**Work item**
An exact transcription of all the data is required, with every image removed.

Top of Material shown

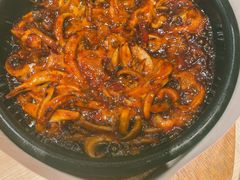 -米村拌饭(杭州国大城市广场店)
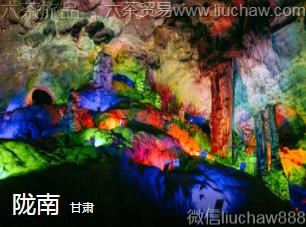 ����-¤��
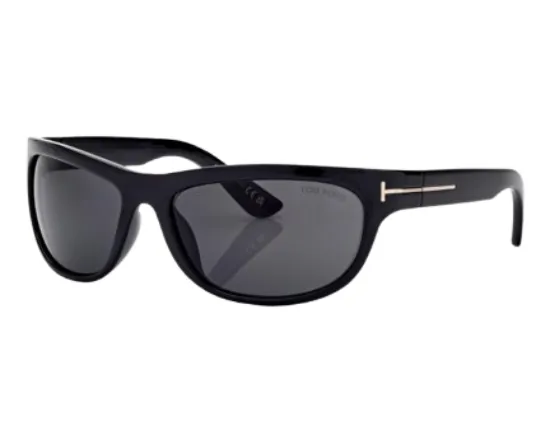 משקפי שמש טום פורד TOM FORD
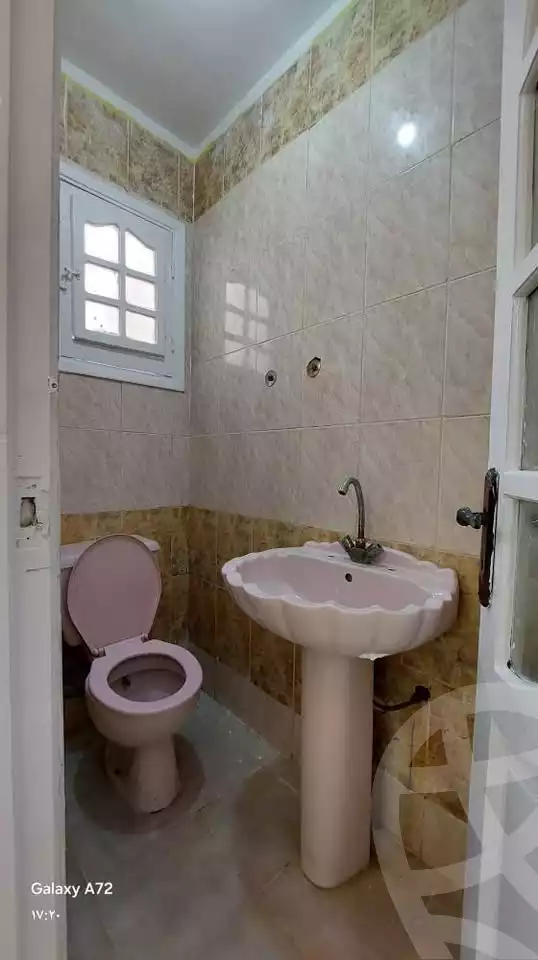 https://aqarmap.com.eg/en/listing/6083888-for-sale-alexandria-l-jmy-shataa-el-nakheel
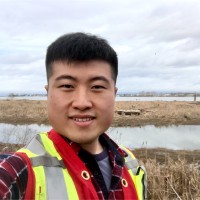 Alan Chang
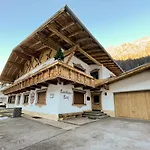Affittacamere Lenz See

Bottom of Material shown

**Answer for this exercise**
 -米村拌饭(杭州国大城市广场店)
 ����-¤��
 משקפי שמש טום פורד TOM FORD
 https://aqarmap.com.eg/en/listing/6083888-for-sale-alexandria-l-jmy-shataa-el-nakheel
 Alan Chang
Affittacamere Lenz See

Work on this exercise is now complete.